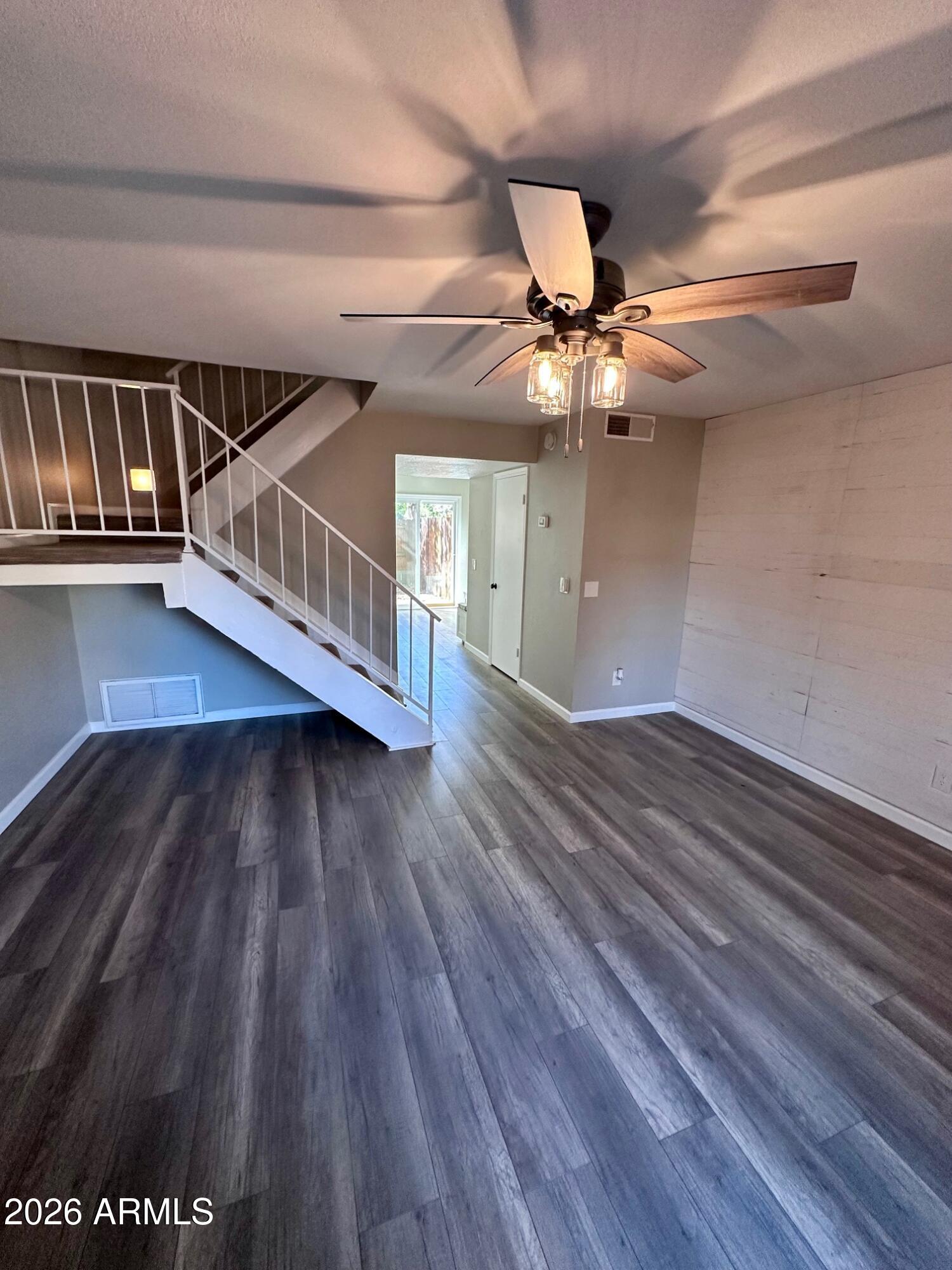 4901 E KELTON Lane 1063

- - -

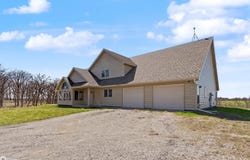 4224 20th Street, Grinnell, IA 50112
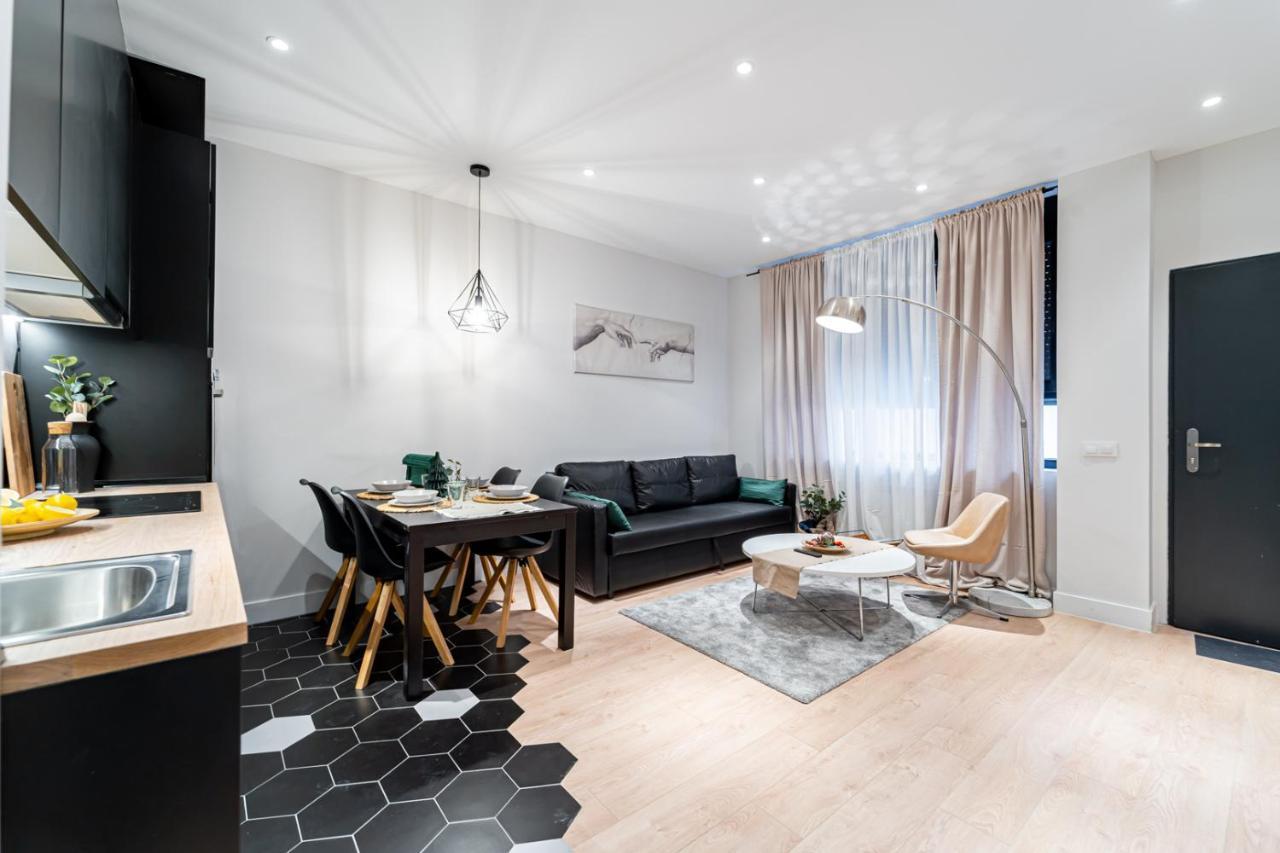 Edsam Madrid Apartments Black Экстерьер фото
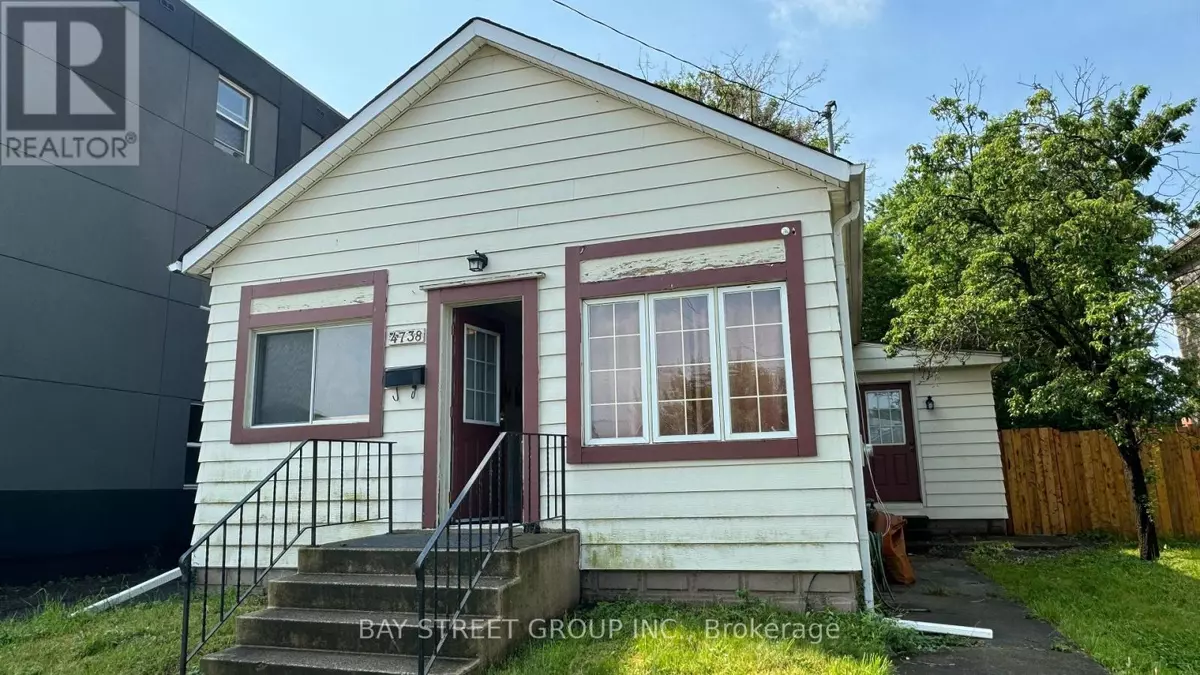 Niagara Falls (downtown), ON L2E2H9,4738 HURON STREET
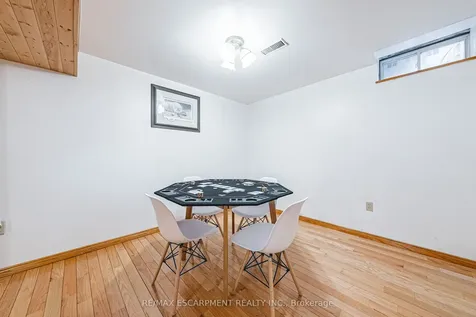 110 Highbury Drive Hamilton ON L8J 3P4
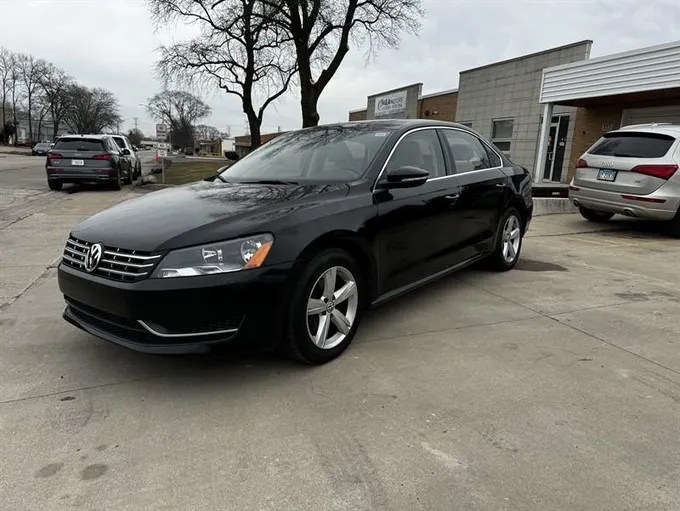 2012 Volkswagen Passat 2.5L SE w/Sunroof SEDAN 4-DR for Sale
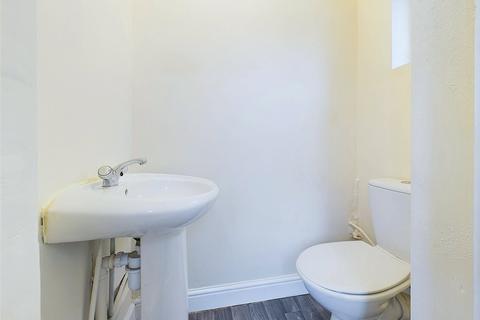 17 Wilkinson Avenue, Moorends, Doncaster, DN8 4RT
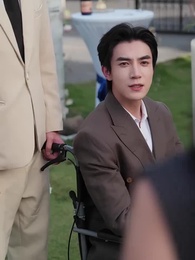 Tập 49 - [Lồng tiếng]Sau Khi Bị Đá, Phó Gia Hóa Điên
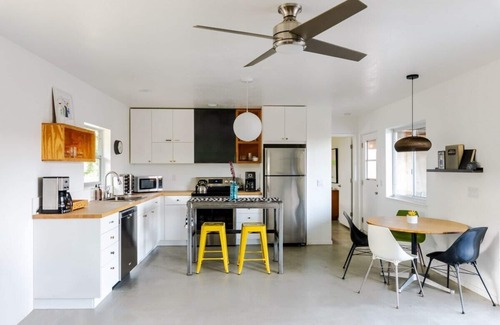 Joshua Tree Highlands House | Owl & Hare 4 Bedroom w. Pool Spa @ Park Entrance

- - -

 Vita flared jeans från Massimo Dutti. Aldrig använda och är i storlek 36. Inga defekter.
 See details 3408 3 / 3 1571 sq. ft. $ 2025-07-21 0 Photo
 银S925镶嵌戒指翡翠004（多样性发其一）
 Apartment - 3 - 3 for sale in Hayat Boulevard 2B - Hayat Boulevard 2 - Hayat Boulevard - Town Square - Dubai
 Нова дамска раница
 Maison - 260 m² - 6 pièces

- - -

_How to complete this task_
Look above for the line with "See details 3408"; retype exactly that line, every line after it up to the line with "Maison - 260 m² - 6 pièces", and that line too, nothing else.

_Result below_
 See details 3408 3 / 3 1571 sq. ft. $ 2025-07-21 0 Photo
 银S925镶嵌戒指翡翠004（多样性发其一）
 Apartment - 3 - 3 for sale in Hayat Boulevard 2B - Hayat Boulevard 2 - Hayat Boulevard - Town Square - Dubai
 Нова дамска раница
 Maison - 260 m² - 6 pièces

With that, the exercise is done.